** Data to process follows **

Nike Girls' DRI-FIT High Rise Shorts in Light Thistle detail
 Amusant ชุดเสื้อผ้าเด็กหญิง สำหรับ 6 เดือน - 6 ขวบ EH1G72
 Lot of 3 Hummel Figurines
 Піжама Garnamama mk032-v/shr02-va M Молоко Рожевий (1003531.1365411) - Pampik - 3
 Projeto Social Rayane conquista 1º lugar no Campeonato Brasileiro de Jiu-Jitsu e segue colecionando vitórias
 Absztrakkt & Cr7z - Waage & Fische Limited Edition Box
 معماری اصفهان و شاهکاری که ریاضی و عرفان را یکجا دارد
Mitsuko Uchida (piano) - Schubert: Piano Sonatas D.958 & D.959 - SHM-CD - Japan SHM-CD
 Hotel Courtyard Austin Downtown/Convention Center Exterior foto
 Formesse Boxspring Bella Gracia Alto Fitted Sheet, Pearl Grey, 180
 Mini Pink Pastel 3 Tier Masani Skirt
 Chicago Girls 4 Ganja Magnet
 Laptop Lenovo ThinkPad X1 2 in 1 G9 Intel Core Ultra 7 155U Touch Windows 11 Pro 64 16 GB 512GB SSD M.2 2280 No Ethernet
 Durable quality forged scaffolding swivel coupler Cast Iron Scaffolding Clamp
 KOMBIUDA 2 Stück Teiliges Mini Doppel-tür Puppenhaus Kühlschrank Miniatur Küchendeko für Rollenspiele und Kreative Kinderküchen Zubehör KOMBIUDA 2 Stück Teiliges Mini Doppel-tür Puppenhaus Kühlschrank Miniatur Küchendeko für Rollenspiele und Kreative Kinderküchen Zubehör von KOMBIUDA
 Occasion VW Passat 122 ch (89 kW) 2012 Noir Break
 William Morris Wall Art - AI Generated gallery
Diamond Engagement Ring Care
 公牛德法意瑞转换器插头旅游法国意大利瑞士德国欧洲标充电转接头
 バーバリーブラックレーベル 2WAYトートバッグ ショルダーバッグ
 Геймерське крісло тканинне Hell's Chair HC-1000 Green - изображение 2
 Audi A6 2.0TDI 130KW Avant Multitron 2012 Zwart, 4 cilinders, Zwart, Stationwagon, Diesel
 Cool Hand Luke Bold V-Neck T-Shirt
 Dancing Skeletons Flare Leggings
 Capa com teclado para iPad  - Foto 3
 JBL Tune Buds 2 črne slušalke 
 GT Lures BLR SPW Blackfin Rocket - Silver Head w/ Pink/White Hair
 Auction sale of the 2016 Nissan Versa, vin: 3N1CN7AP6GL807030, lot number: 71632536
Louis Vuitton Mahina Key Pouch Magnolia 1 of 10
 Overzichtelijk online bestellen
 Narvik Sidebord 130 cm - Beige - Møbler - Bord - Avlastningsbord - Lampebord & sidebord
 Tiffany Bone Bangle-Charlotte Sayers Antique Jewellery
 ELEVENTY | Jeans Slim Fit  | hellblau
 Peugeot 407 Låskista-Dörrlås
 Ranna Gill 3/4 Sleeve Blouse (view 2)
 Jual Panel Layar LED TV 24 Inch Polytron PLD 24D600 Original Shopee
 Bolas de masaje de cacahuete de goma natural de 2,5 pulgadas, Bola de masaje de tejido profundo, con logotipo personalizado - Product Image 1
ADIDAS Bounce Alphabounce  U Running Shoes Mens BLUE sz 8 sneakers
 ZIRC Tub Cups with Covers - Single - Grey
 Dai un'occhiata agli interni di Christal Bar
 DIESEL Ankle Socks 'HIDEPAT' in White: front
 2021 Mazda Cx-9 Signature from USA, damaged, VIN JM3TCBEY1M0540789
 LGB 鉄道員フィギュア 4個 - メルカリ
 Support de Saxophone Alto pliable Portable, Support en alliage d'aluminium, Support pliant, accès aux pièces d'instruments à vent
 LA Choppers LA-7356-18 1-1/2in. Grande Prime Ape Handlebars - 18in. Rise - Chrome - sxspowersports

** End of Data to process **

Directions - Every line holding the string "White" should be copied here, so please find those lines in the data.

Response -
 GT Lures BLR SPW Blackfin Rocket - Silver Head w/ Pink/White Hair
 DIESEL Ankle Socks 'HIDEPAT' in White: front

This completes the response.